That was the state of play when, at the first GOP debate earlier this month, Fox News’s panel of debate moderators, including Megyn Kelly, made a concerted effort to take Trump down a peg — to turn him heel, for all intents and purposes.
One of the greatest fears of a professional wrestling owner or promoter — the person ultimately responsible for “booking” storylines and shaping the narrative direction of the company — has traditionally been that a champion would go AWOL, and make the choice to not lose a title match when instructed. This could potentially create mayhem. The role of a champion — especially one who is a villain such as Donald Trump — is to ultimately to lose to a challenger, thus anointing them as the new figure for the fans to support (or alternatively to hate). But instead of accepting the fact that his political career is a creation of the Fox News echo chamber, Donald Trump, at least to this point, seems to actually believe that he is a viable candidate for presidency in 2016. Fox News tried to “bury” Donald Trump earlier this month. And as has happened in professional wrestling on many occasions, this actually made Donald Trump even more popular among movement conservatives and other extreme right-wing elements.
Somewhere along the way, the Fox News media machine forgot to let Donald Trump know that his so-called candidacy was all a “work,” a type of fictional dramatic performance intended ultimately to “put over” someone else.

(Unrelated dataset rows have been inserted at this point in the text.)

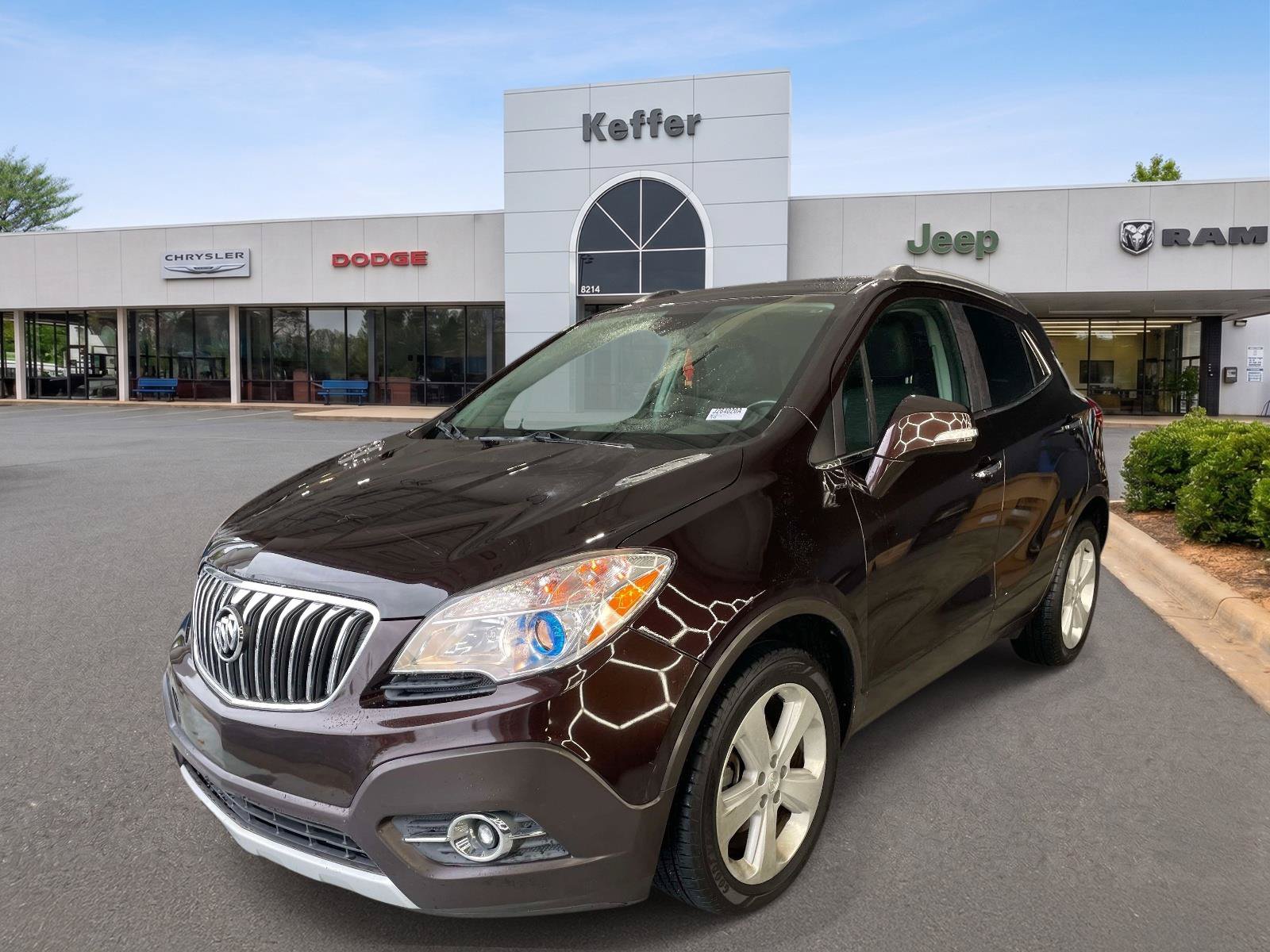 Used 2015 Buick Encore Convenience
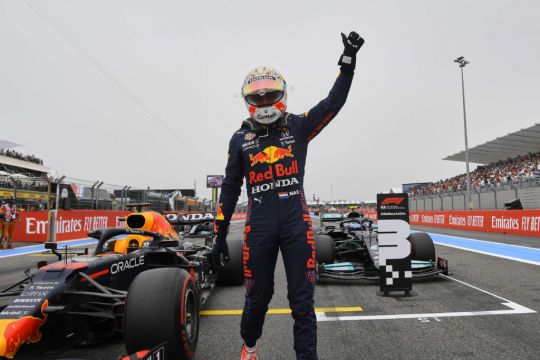 Late Drama As Max Verstappen Passes Lewis Hamilton To Win French Grand Prix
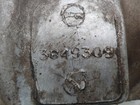 1964 1965 1966 1967 Bellhousing Original 3849309 Chevy Ii And Nova Small Block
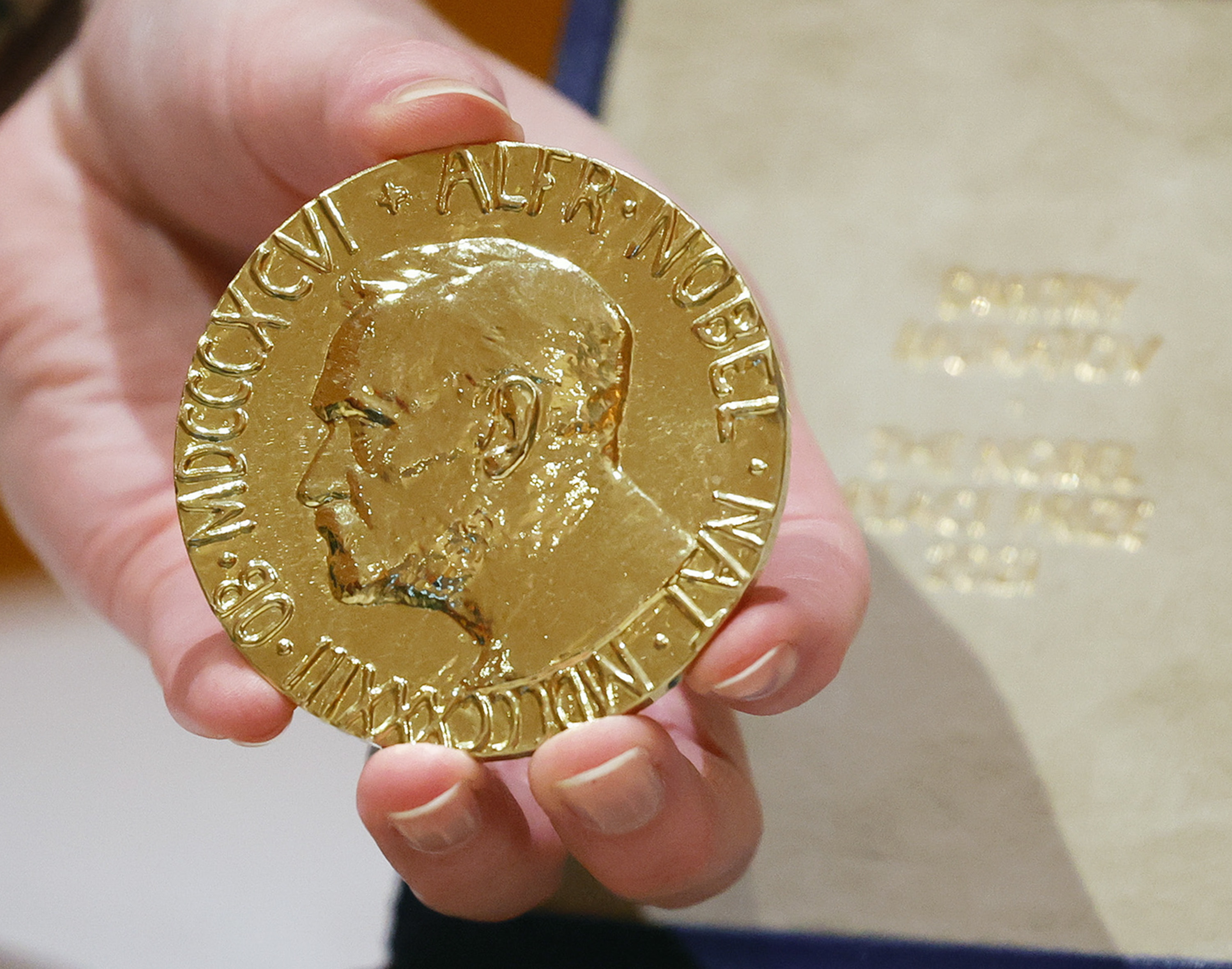 Muratov subasta su medalla del Nobel de la Paz por 98,3 millones de euros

This episode reveals the greatest peril in the creation of a spectacle. Whether you’re a wrestling promoter or a power broker, Vince McMahon or Roger Ailes, your power to dictate the narrative can only ever take you as far the audience will allow. In the meta-narratives of both wrestling and politics — in the behind-the-scenes machinations that result, in the public eye, in a particular outcome — there is an very particular element of hubris.
A heel has the power to captivate audiences; such is the seductive pull of transgression. Having understood this particular ability in Trump, but also the ultimate desired outcome of the Republican nominating contest — namely, a nominee that is not Trump — shouldn’t Roger Ailes have known better than to push him on audiences as a brash truth-teller? Did he really think he could control someone like that? (Especially given the lather into which the conservative base has been worked over the past half-decade, in particular by Fox News.)
In wrestling and politics both, you reap what you sow. If you’re a wrestling promoter, the solution to this conundrum is simply to change a popular villain’s alignment, make them into a babyface, piggybacking off their success in order to make it your own. But if you’re Roger Ailes, faced with the prospect of Donald Trump as a dominant force in Republican politics, is that really a solution you’re willing to brook? Are you comfortable making him your hero in a general election? This is the impossible situation into which Fox News and the Republican Party have navigated themselves.
Media pundits have been caught off guard by the resiliency of the Trump campaign, seemingly impervious as it is to the traditional rules of play. But maybe they shouldn’t have been. If the commentariat wants to make sense of Donald Trump’s apparent political madness, all they need to do is watch professional wrestling.